__Problem description__
Only the text of the records belongs in the answer; the pictures must be dropped.

__Data section__
↓

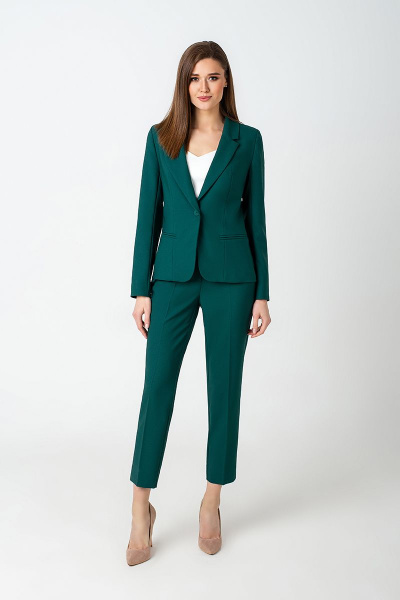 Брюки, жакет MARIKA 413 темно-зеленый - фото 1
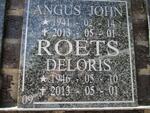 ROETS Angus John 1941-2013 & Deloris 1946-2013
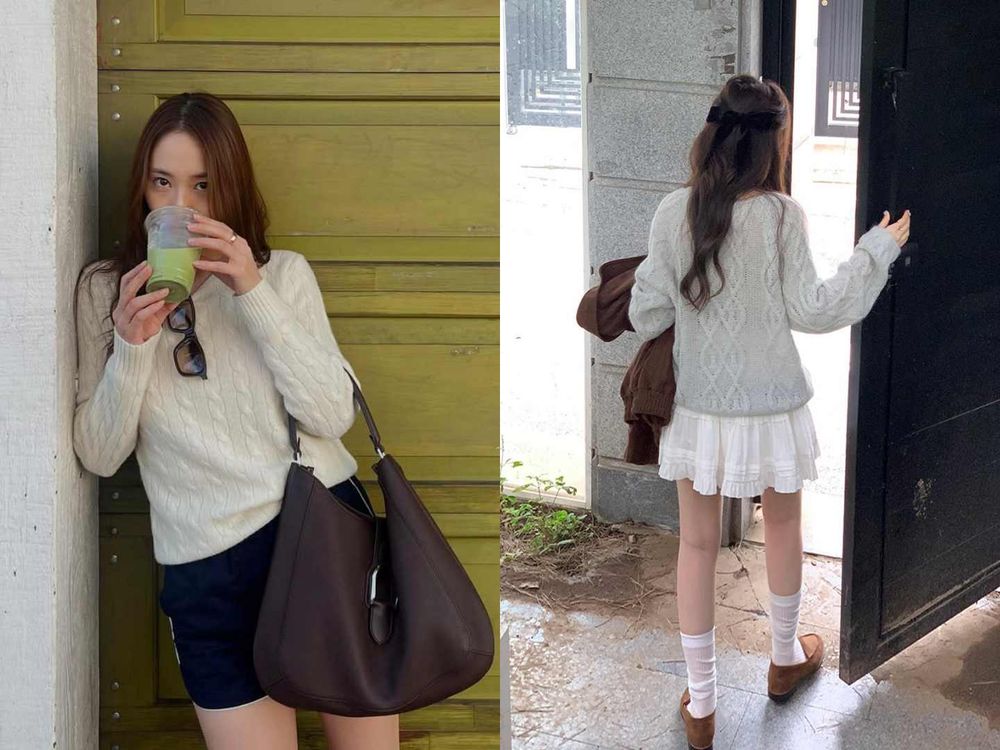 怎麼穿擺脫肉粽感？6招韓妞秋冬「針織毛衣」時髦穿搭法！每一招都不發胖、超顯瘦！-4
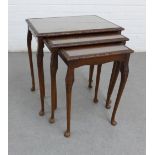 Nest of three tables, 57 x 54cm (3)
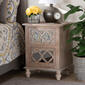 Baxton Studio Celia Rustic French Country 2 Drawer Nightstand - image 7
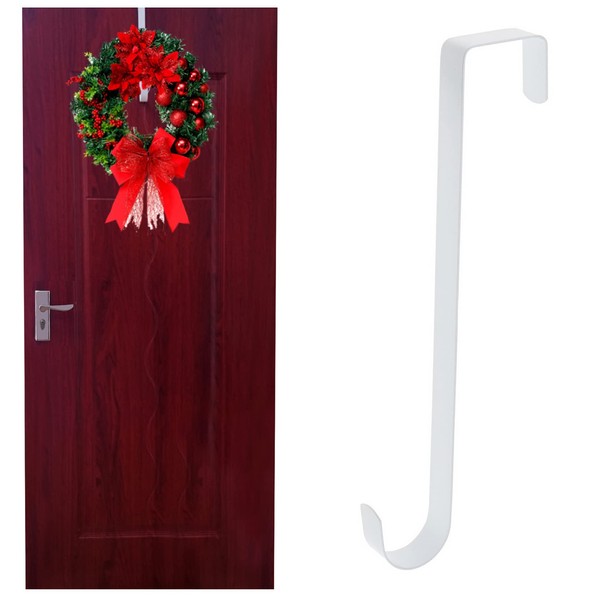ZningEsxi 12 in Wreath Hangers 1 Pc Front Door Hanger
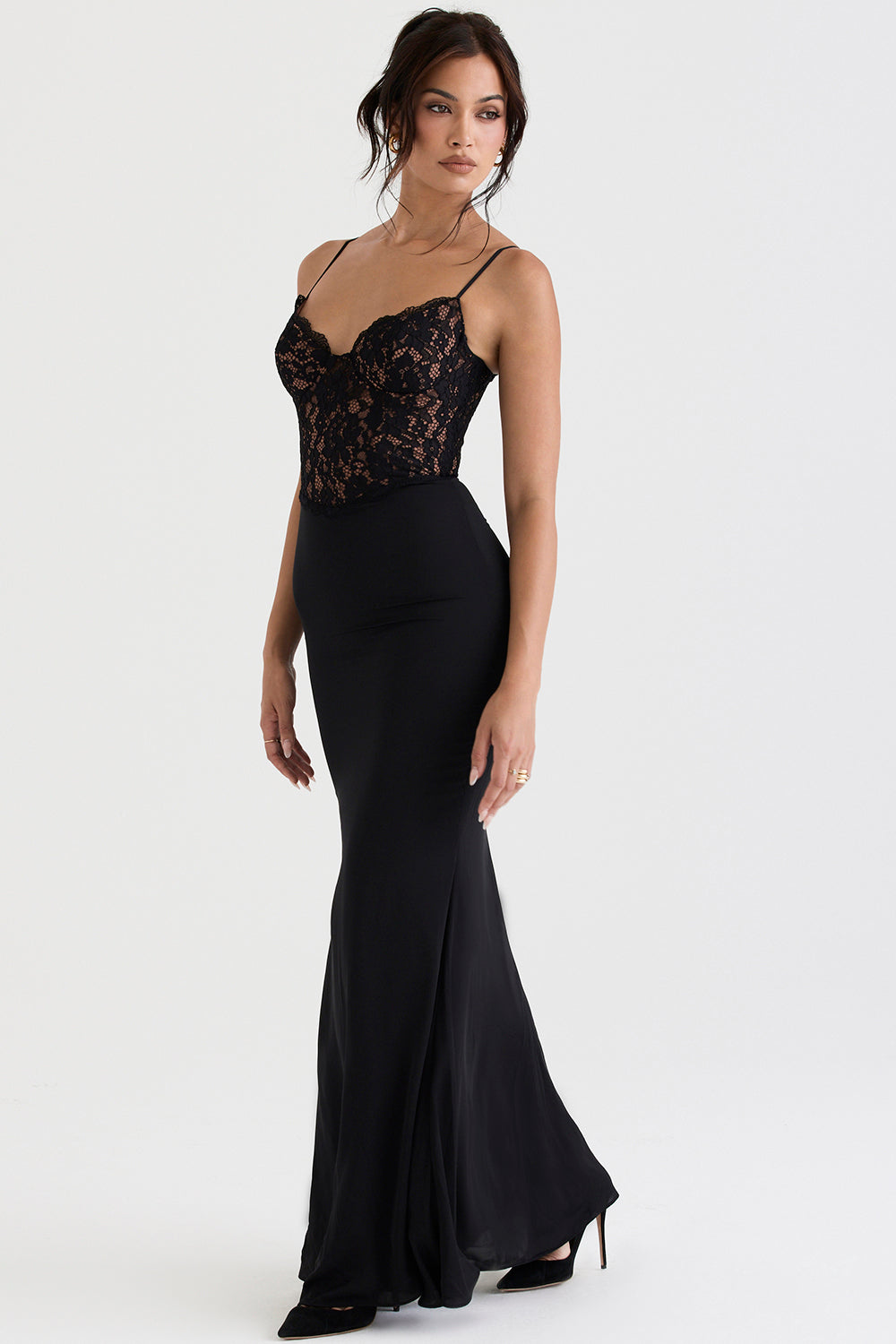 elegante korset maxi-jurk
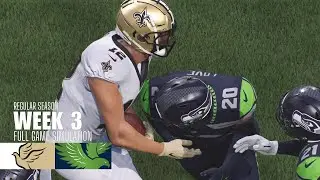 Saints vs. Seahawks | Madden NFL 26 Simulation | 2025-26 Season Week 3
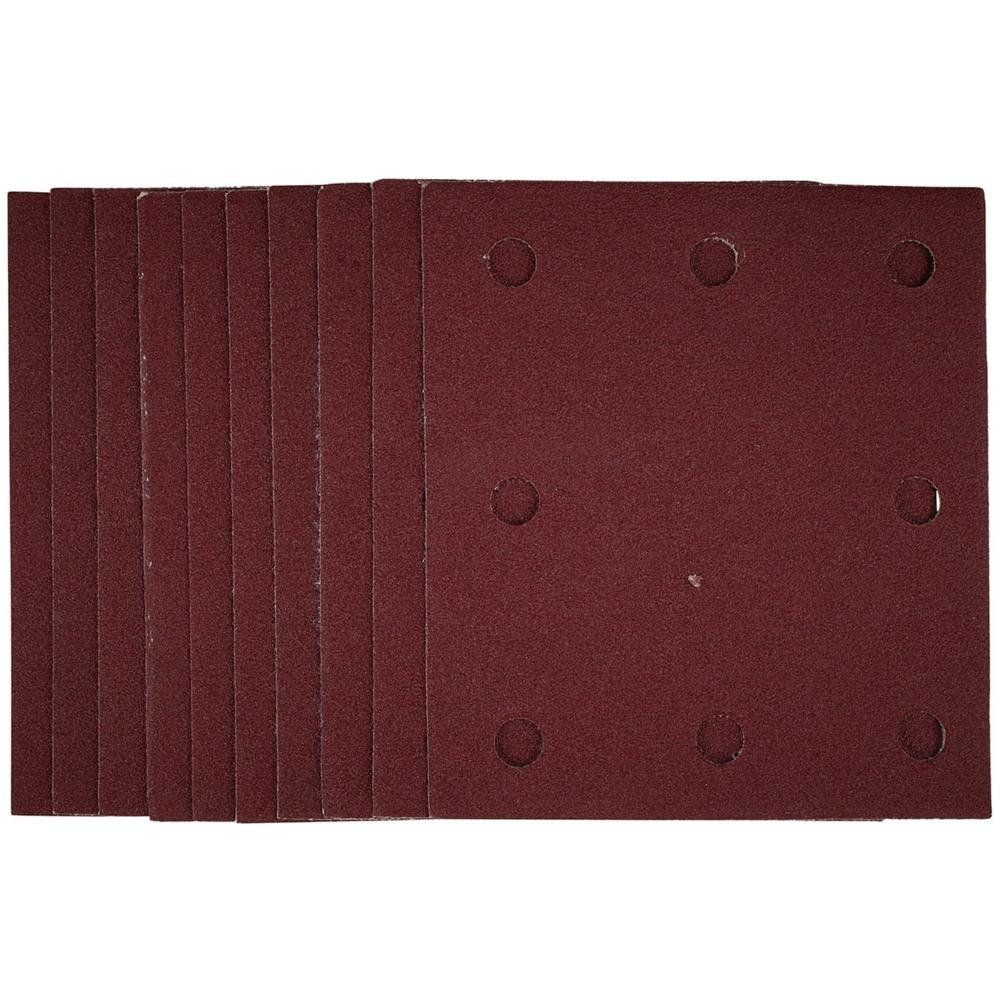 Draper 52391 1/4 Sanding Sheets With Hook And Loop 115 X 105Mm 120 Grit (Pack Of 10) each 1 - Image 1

↑

__Solution for this problem__
 Брюки, жакет MARIKA 413 темно-зеленый - фото 1
 ROETS Angus John 1941-2013 & Deloris 1946-2013
 怎麼穿擺脫肉粽感？6招韓妞秋冬「針織毛衣」時髦穿搭法！每一招都不發胖、超顯瘦！-4
 Nest of three tables, 57 x 54cm (3)
 Baxton Studio Celia Rustic French Country 2 Drawer Nightstand - image 7
ZningEsxi 12 in Wreath Hangers 1 Pc Front Door Hanger
 elegante korset maxi-jurk
 Saints vs. Seahawks | Madden NFL 26 Simulation | 2025-26 Season Week 3
 Draper 52391 1/4 Sanding Sheets With Hook And Loop 115 X 105Mm 120 Grit (Pack Of 10) each 1 - Image 1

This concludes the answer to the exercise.